WHAT YOU NEED TO DO >>
As you work through the listing below, copy each line exactly and drop the images.

INFORMATION PROVIDED >>
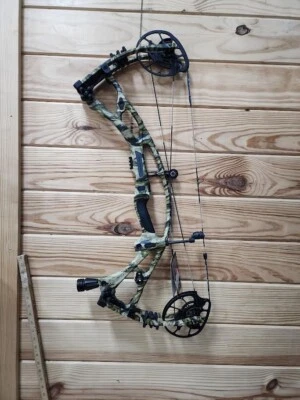 Hoyt RX-7 Carbon RH compound bow - Image 1 of 4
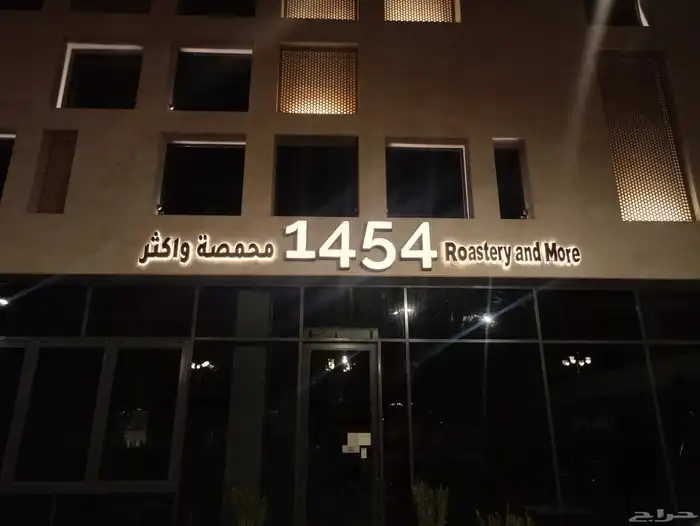 لوحات حروف وكلادينج وأسوار مشاريع ومطبوعات وبنر وستيكر هدايا 13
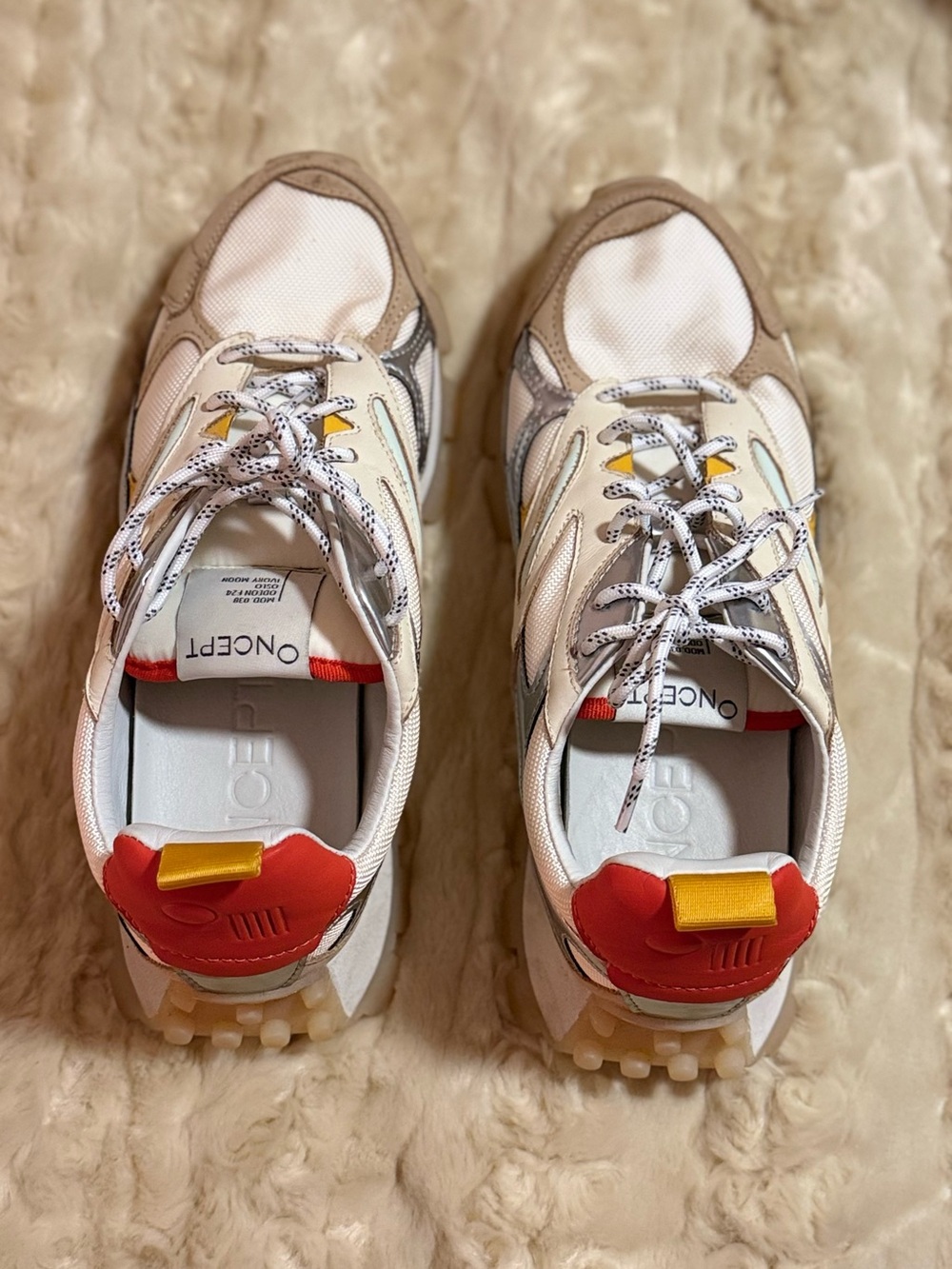 Oncept Oslo Sneakers in Ivory
Moon W size 9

WRITTEN SOLUTION >>
 Hoyt RX-7 Carbon RH compound bow - Image 1 of 4
 لوحات حروف وكلادينج وأسوار مشاريع ومطبوعات وبنر وستيكر هدايا 13
 Oncept Oslo Sneakers in Ivory
Moon W size 9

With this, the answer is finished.